Nobel Laureate David Gross observed, "Everyone in string theory is convinced...that spacetime is doomed. But we don't know what it's replaced by." https://www.edge.org/response-detail/26563

And since David Gross doesn't know how to replace the wrong concept, he presents it as true:

https://www.youtube.com/watch?v=YPWmM6cZlmY
David Gross 9:53 : "The symmetries Einstein was discussing were symmetries of space and time. And in formulating correctly the symmetries of space and time as consistent with Maxwell's theory of electricity and magnetism, he unified space and time, what we call spacetime."

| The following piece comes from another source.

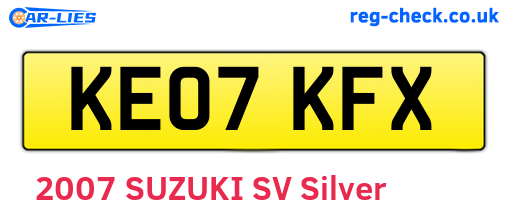 KE07KFX are the vehicle registration plates.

Doublethink is a fundamental principle in Einstein's schizophrenic world. Einsteinians have discovered that human rationality is much more efficiently destroyed if you teach both the lie and the truth instead of just repeating the lie. In the examples below Einstein's spacetime is repudiated, but any of the quoted Einsteinians fiercely worships it on other occasions:

https://www.highbeam.com/doc/1G1-185331159.html
"Einstein introduced a new notion of time, more radical than even he at first realized. In fact, the view of time that Einstein adopted was first articulated by his onetime math teacher in a famous lecture delivered one century ago. That lecture, by the German mathematician Hermann Minkowski, established a new arena for the presentation of physics, a new vision of the nature of reality redefining the mathematics of existence. The lecture was titled Space and Time, and it introduced to the world the marriage of the two, now known as spacetime. It was a good marriage, but lately physicists passion for spacetime has begun to diminish. And some are starting to whisper about possible grounds for divorce. [...] Einstein's famous insistence that the velocity of light is a cosmic speed limit made sense, Minkowski saw, only if space and time were intertwined. [...] Physicists of the 21st century therefore face the task of finding the true reality obscured by the spacetime mirage. [...] Andreas Albrecht, a cosmologist at the University of California, Davis, has thought deeply about choosing clocks, leading him to some troubling realizations. [...] "It seems to me like it's a time in the development of physics," says Albrecht, "where it's time to look at how we think about space and time very differently."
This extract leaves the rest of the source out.